Drycargo division came in at $5 mill, compared with a loss of $8 mill in the same period last year, while the tanker division recorded an adjusted net loss of $1 mill, compared with a loss of $4 mill in 3Q16.
Both the drycargo and tanker markets are expected to gradually improve in 2018 based on lower supply growth, the company said.
During the quarter, tankers produced earnings of 16% above the benchmark, which was close to breakeven in a challenging market.
In 3Q17, NORDEN utilised the attractive timecharter rates to continue its expansion of both long- and short-term tanker capacity. This translated into 2 long-term charter agreements of 2 MR tanker newbuildings scheduled to deliver in mid-2020 as well as short-term time charters of 4 MR tankers delivered during the third quarter of 2017.
In addition, the two secondhand MRs purchased in 2Q17 were delivered to NORDEN during August, and both vessels are now operating in the Norient Product Pool.

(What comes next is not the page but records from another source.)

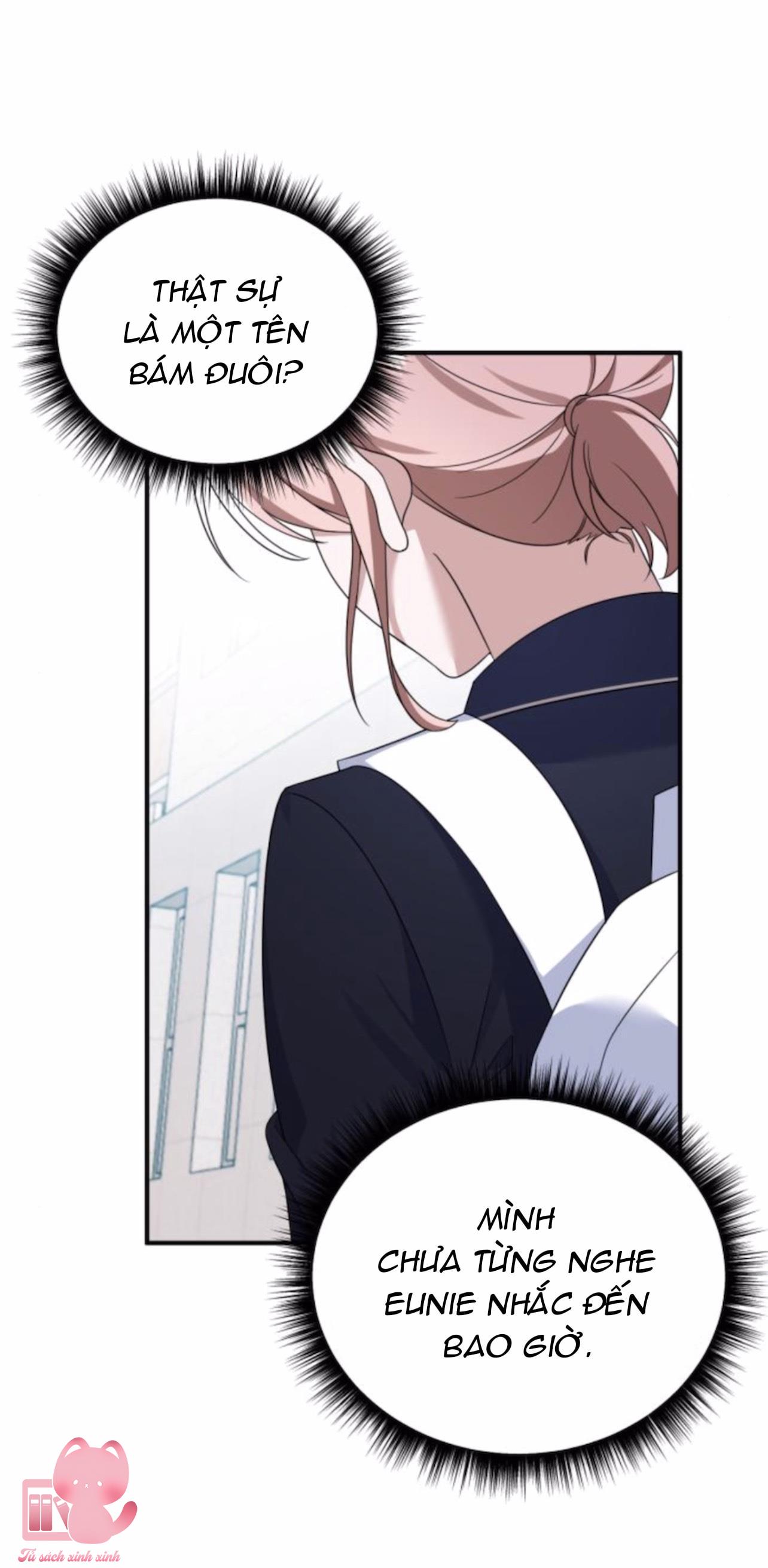 Hoán Đổi Sinh Mệnh - Chap 22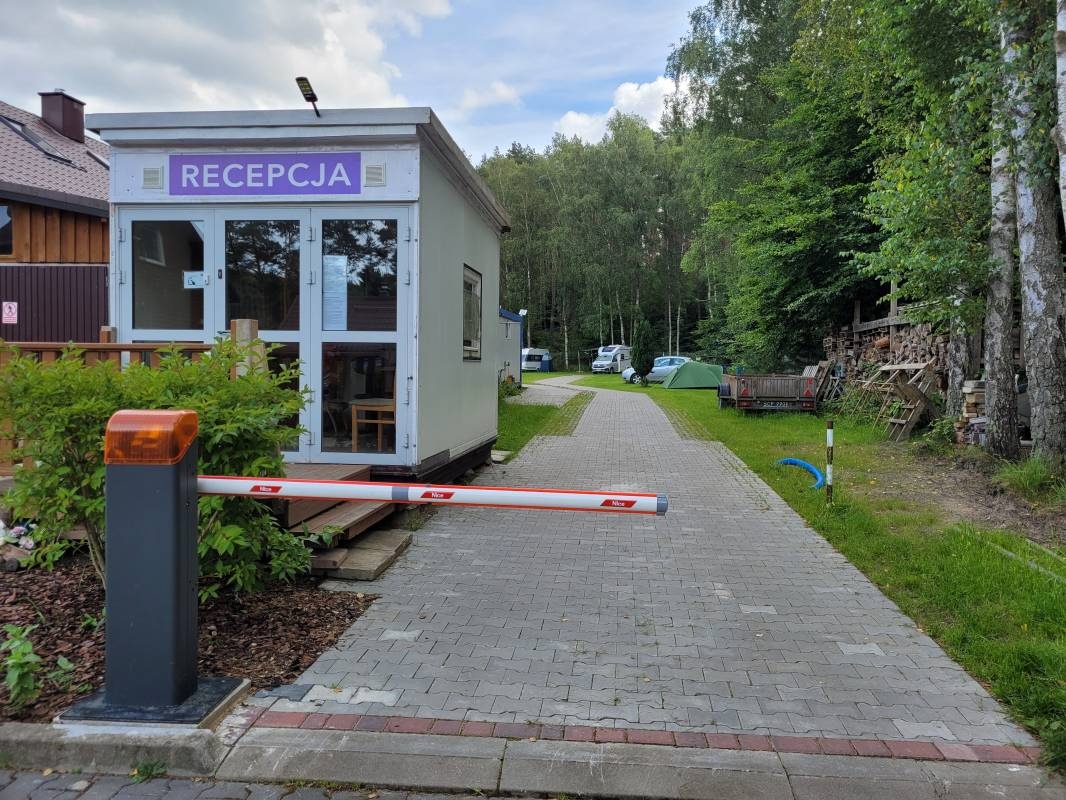 Dana Camping — Campingplass in Wisełka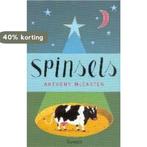 Spinsels 9789032507619 Anthony Mccarten, Verzenden, Gelezen, Anthony Mccarten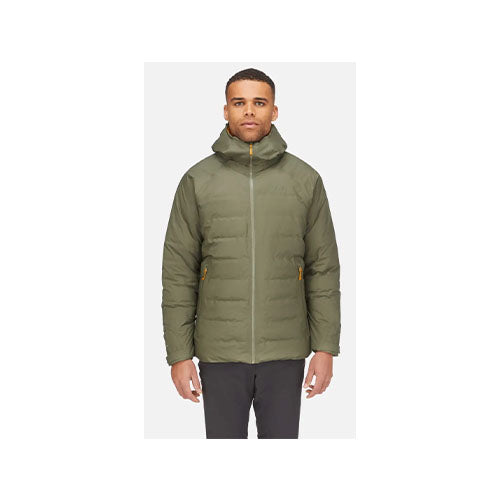 Rab Men's Valiance Waterproof Down Jacket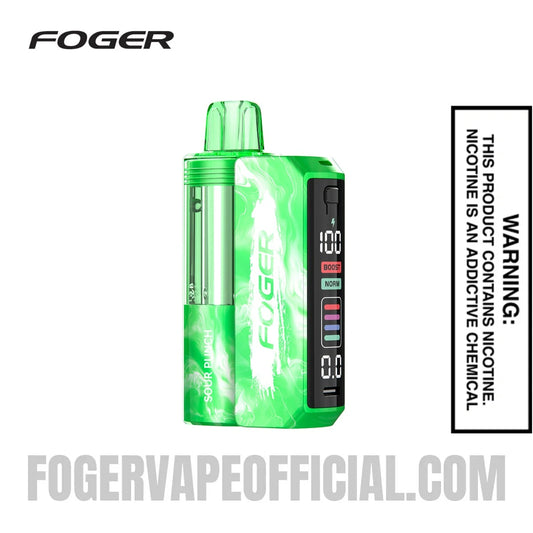 Sour Punch Foger Switch Pro Vape Kit 30K puffs device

The company said that expectations for the adjusted results for the full year were raised to $ -10 to 30 mill from $-20 to $20 mill, as a result of higher expected dry cargo earnings.
CEO Jan Rindbo said: “NORDEN is well positioned to benefit from the recent significant improvements in the drycargo market and raises the expectations for the overall full-year results of the company.
“With a new focused operator platform for the short-term operator activity in drycargo and a tanker business that continues to outperform the market and has increased the capacity at attractive levels, the conditions for an improved result for the year are now in place.”